Artificial intelligent assistant

facsimile

I. facsimile, n.
    (fækˈsɪmɪlɪ)
    Pl. facsimiles.
    [Orig. two words, and before this cent. usually written as such, L. fac, imper. of facĕre to make + simile, neut. of simil-is like.
    The form factum simile, occurring in quot. 1782, is often stated to be the original; but of this we find no evidence.]
     1. The making a copy of anything, esp. writing; imitation. Obs.

a 1661 Fuller Worthies (1662) III. 206 He, though a quick Scribe, is but a dull one, who is good only at fac simile, to transcribe out of an original.

    2. a. An exact copy or likeness; an exact counterpart or representation. Also in phr. in facsimile.

1691 T. H[ale] Acc. New Invent. p. lxxxvi, A fac simile might easily be taken. a 1734 North Lives (1742) 59 He..made what they call a fac simile of the Marks and Distances of those small Specks. [1782 T. Pownall Antiq., Let. to Astle 178 Drawings copied per factum simile.] 1795 Seward Anecd. (1796) III. 10 The annexed Engraving, a complete fac-simile. 1815 R. Wedgwood in Commercial Mag. (1846) I. 259 Fac-similes of a dispatch, written..in London, may with facility be written also in Plymouth, Dover..by the same person, and by one and the same act. 1824 J. Johnson Typogr. II. xii. 434 One of the most..ancient of those manuscripts has been printed in fac-simile. 1851 D. Wilson Preh. Ann. (1863) II. iv. iv. 281 The inscription is produced in facsimile. 1868 G. Stephens Runic Mon. I. p. vi, Masterly facsimiles.

    b. transf. and fig.

1801 Med. Jrnl. V. 191 This is a fac simile to his declaring..that leave was given. 1817 Coleridge Biog. Lit. II. xvi. 42 Representing before them fac-similies [sic] of their own mean selves. 1864 Carlyle Fredk. Gt. IV. viii. 371 Mirabeau's Gospel of Free-Trade..some seventy or eighty years the senior of an English (unconscious) Facsimile.

    3. attrib. a. gen.

1767 S. Paterson Another Traveller! I. 415 The first fac simile man in Europe. 1791 Gentl.

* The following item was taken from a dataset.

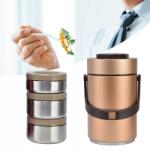  2, 3 L-es Uzsonnás Termosz Tartály 3 Rétegű 3 Részes Thermo Tartály (3118220004312)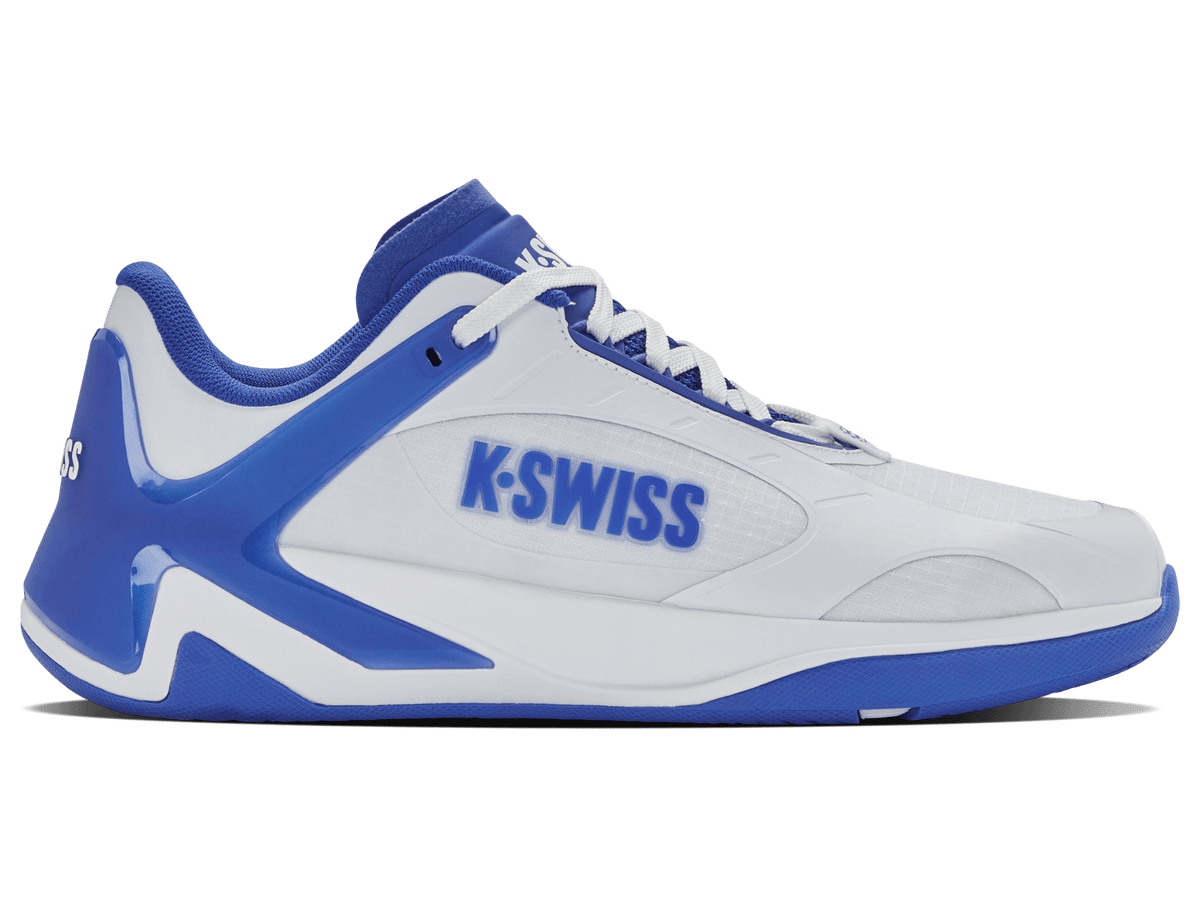 09491 - 142 - M | K - FRAME PICKLEBALL | WHITE/DAZZLING BLUE - K - Swiss US - FOOTWEAR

Mag. 27/2 A facsimile copy of the curious little miscellany. 1823 J. Badcock Dom. Amusem. 142 Much better adapted..for fac simile writings. 1861 A. Beresford-Hope Eng. Cathedr. 19th C. 227 Wyatt substituted facsimile plaster for stone groining in Lichfield nave. 1875 Scrivener Lect. Greek Test. 13 Those elaborate fac⁓simile editions of the chief codices.

    b. spec. applied to a radio, telegraphic, or other system that scans written, printed, or photographic material and transmits signals used to produce a likeness of the original; as facsimile telegraph, facsimile transmission, etc.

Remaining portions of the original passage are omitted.